Linares ran away. Kasparova walked past Velasquez, got into her car and
drove off. Police apprehended her at her home that night.
1Linares-Montejo refers to himself as “Linares” in his briefing to this court. We follow suit. 2 No. 81144-4-I/3
Linares made his way to Auburn before calling Elias Guttierez for a ride. At
the time, Guttierez was with three others, Juan Rodriguez, Jesus Perez Arellano,
and Alondra Servin. The group picked up Linares, who told Perez and Guttierez
that he had killed someone during a robbery attempt in West Seattle earlier in the
evening. The next day, Linares told Servin the same thing.

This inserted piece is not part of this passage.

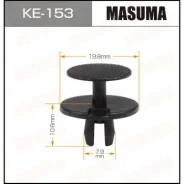 ������ ������������� (����������) Masuma 153-KE [��.50] KE-153 Masuma KE153 ����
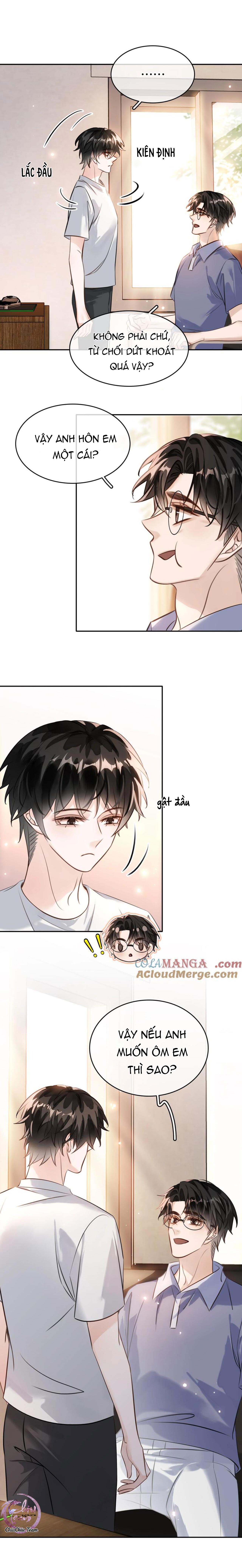 Không Làm Trai Bao! - Chap 148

Over the next few days, Linares exchanged phone calls with a close friend,
Jhosselyne Caseres, who had heard of Kasparova’s arrest. During the first call,
Caseres asked Linares what was going on. Linares responded that he “couldn’t
lie” because Caseres “know[s him] too well.” Both started crying, and Caseres told
Linares he should turn himself in. Linares responded that he did not want to talk
about the situation on the phone, but that Kasparova had “[his] back” and was
“down for [him].”
During the second call, Linares told Caseres that he had intended to rob
Velasquez, who had tried to grab his gun from him. Caseres again suggested that
he should turn himself in. Linares became angry and said that Caseres did not
know what she was talking about.
Caseres later called the Seattle Police Department tip line about the murder.
Caseres agreed to allow the police to record another call with Linares. During that
call, Linares said that he was “duckin’,” which Caseres took to mean that he was
“hiding out.” She then implied that Linares had killed Velasquez because he was
jealous of his previous relationship with Kasparova, which Linares denied. Linares
then said he had heard derogatory facts about Velasquez. He said that “not
3 No. 81144-4-I/4
everybody . . . is fucking innocent” and “everything happens for a reason . . . I’m
not trying to defend mysel- I’m not trying to defend anything. . . . God won’t let
nothing happen if it . . . wasn’t supposed to happen.”
Following this recorded call, police decided they had enough evidence to
arrest Linares. Detectives took him into custody the next day, on October 4, 2017.
Police charged Linares and Kasparova with first degree murder. Their
cases were joined for a single trial. Linares twice moved to sever the cases. The
first motion sought severance on the belief that the State would introduce
statements by Kasparova against him. The trial court denied the motion. The
second motion, characterized as a renewal of the first, sought severance based
on what Linares anticipated to be his and Kasparova’s antagonistic defenses. The
trial court denied the motion but indicated that Linares could bring the motion again
at the close of the State’s case. Linares did not bring the motion again.
Also before trial, Linares moved to have a memorial to a prominent former
prosecutor in the courthouse covered during his trial. The memorial includes
quotations attributed to the prosecutor, including “‘Our Job is Not to Win Cases,
but to Seek Justice.’” Linares argued the quotation was “pro-prosecutorial
advertising” that violated his due process rights. The trial court denied the motion.
The case proceeded to voir dire, where the court had the following
exchanges with potential jurors,
The court will instruct you on the law of the case. Is there anyone that cannot assure the parties and the Court that you will follow these instructions regardless of what you believe the law ought to be or is?
4 No. 81144-4-I/5
[jurors raise hands]
....
THE COURT: Thank you . . . number 40.
JUROR NUMBER 40: I’m simply aware of the fact that a juror can choose to deal with their bias.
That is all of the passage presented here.